This repository implements a real-time face recognition system using a lightweight model based on GhostFaceNetV2 architecture. The model achieves state-of-the-art performance and is designed to run efficiently on CPU, making it suitable for local deployment without the need for a GPU.
Links to all mentioned datasets and model weights can be found at the bottom of the page.

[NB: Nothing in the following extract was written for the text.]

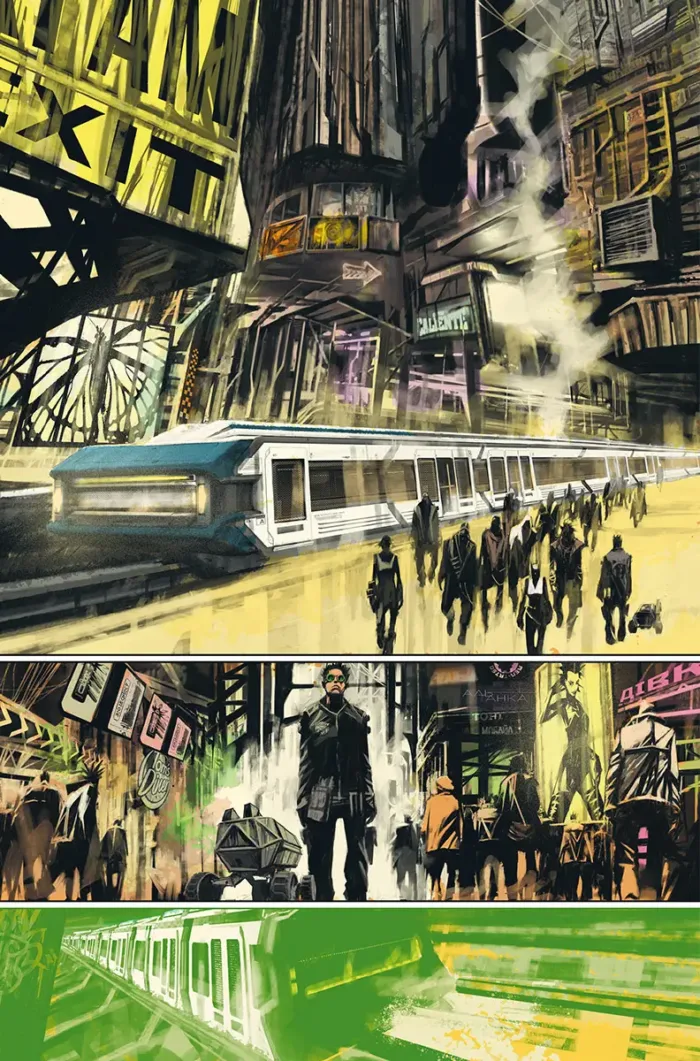 Cyberpunk2077. Твій голос - Зображення 2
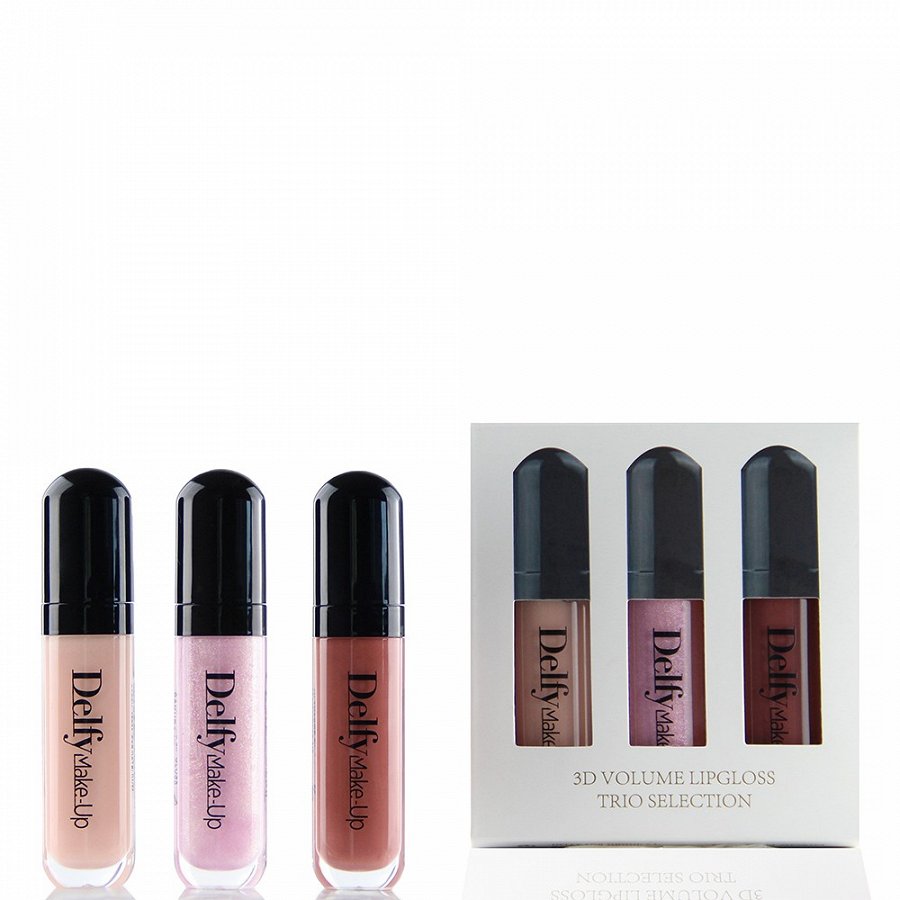 3D Volume Lip Gloss Gift Set 206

For datasets, I have developed a module for alignment using RetinaFace for face and landmarks detection. RetinaFace outputs bounding boxes and 5 facial landmarks. In my alignment pipeline, I used cv2.warpAffine
to rotate faces based on these landmarks. All datasets have been preprocessed using this script, ensuring consistent cropping and alignment.
GhostFaceNetV2 is a lightweight convolutional neural network (CNN) with a backbone derived from MobileNet. Its main feature is the use of attention mechanisms. The architecture is based on depth-wise and point-wise convolutional blocks, ensuring efficient and effective performance.
This model closely approaches state-of-the-art performance while containing approximately 4 million parameters. This enables running the model in face recognition pipelines without the need for a GPU.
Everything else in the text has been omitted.